**EXERCISE GOAL:** Output exactly, in the material below, the lines from the one with "Clone de égua" through the one with "the bark. trunk". Omit all pictures.

**SOURCE MATERIAL:**
▬▬▬▬▬▬▬▬▬▬

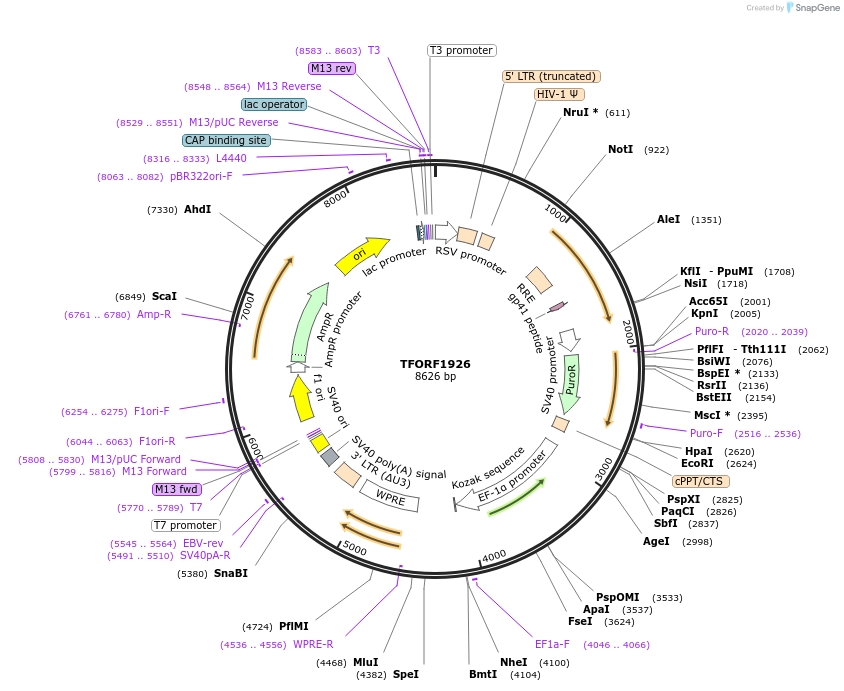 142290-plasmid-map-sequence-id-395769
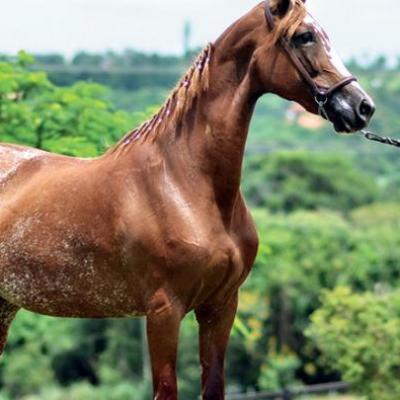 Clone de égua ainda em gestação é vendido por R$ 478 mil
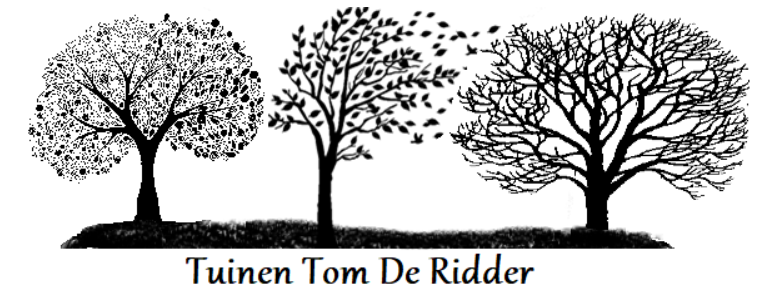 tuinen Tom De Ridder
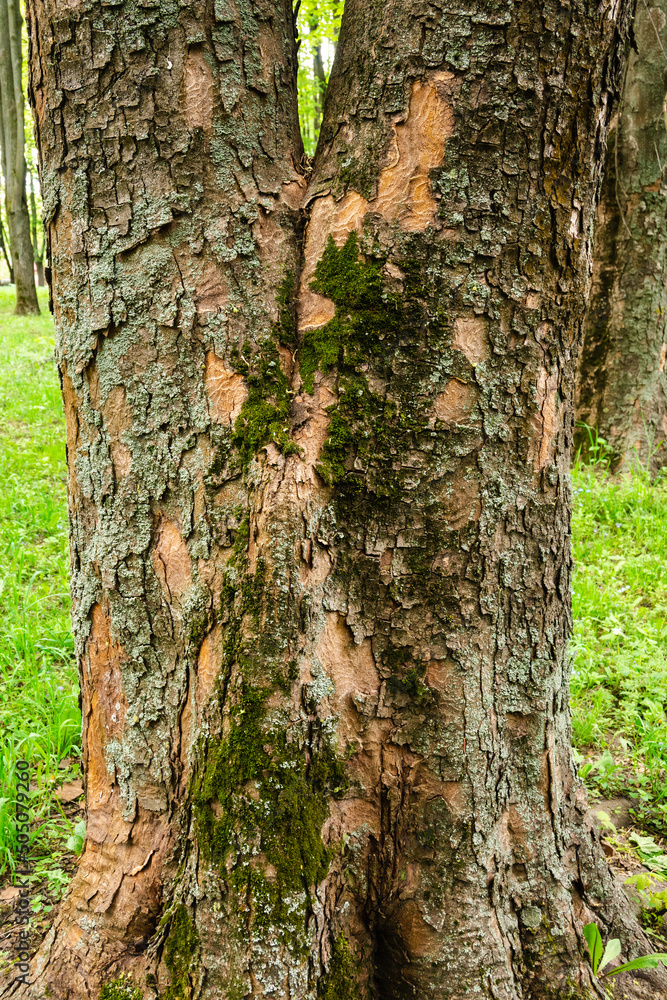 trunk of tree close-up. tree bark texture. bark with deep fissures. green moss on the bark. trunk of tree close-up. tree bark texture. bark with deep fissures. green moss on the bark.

▬▬▬▬▬▬▬▬▬▬

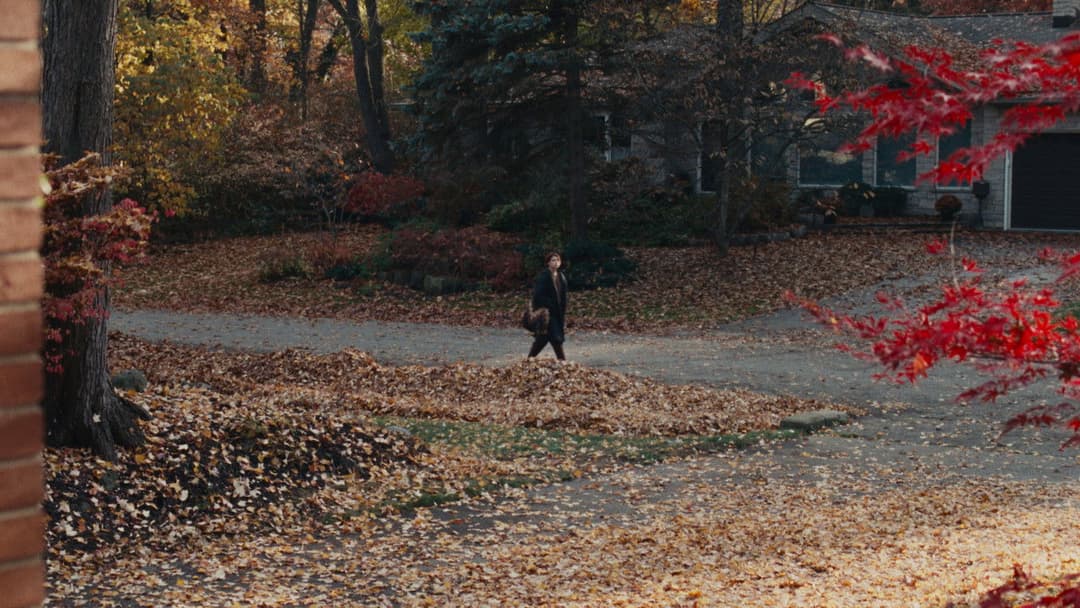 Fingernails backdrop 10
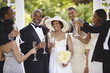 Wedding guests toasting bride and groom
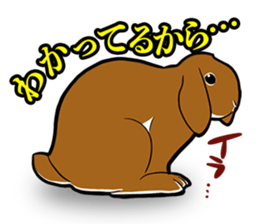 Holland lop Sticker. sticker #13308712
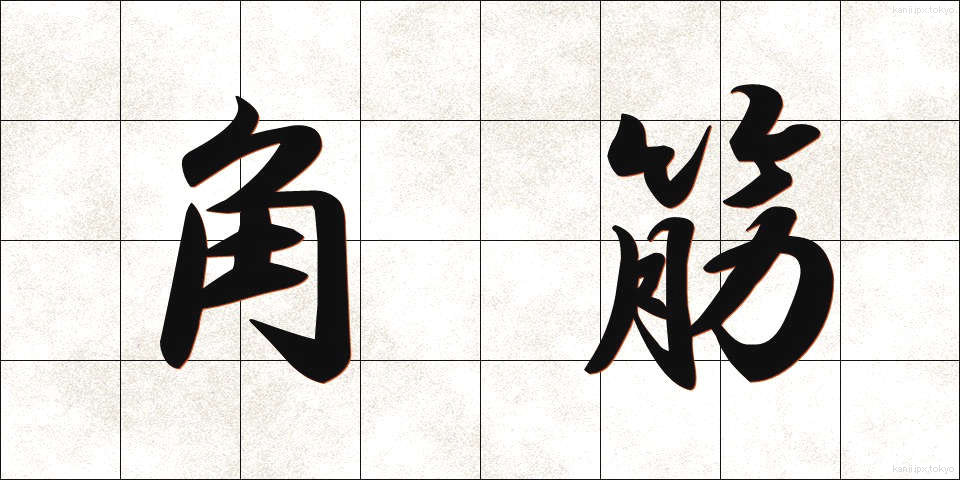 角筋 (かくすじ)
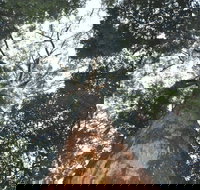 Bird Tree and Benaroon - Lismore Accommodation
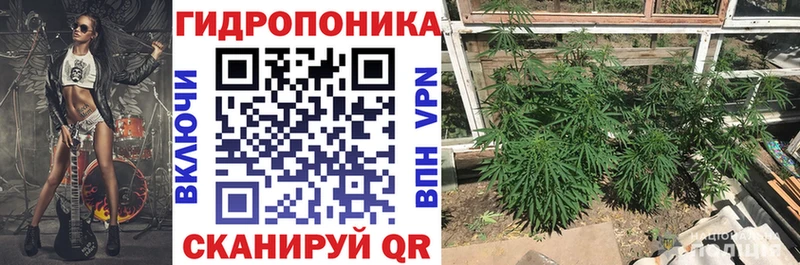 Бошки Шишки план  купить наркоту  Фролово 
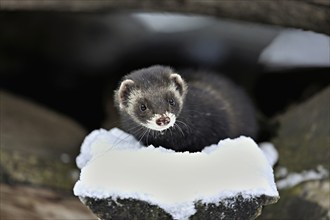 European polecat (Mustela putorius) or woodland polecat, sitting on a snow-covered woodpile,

▬▬▬▬▬▬▬▬▬▬

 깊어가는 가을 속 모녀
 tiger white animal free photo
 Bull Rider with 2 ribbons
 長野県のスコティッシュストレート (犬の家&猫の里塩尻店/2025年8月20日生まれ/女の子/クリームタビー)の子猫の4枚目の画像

▬▬▬▬▬▬▬▬▬▬

**ANSWER BELOW:**
 Clone de égua ainda em gestação é vendido por R$ 478 mil
 tuinen Tom De Ridder
 trunk of tree close-up. tree bark texture. bark with deep fissures. green moss on the bark. trunk of tree close-up. tree bark texture. bark with deep fissures. green moss on the bark.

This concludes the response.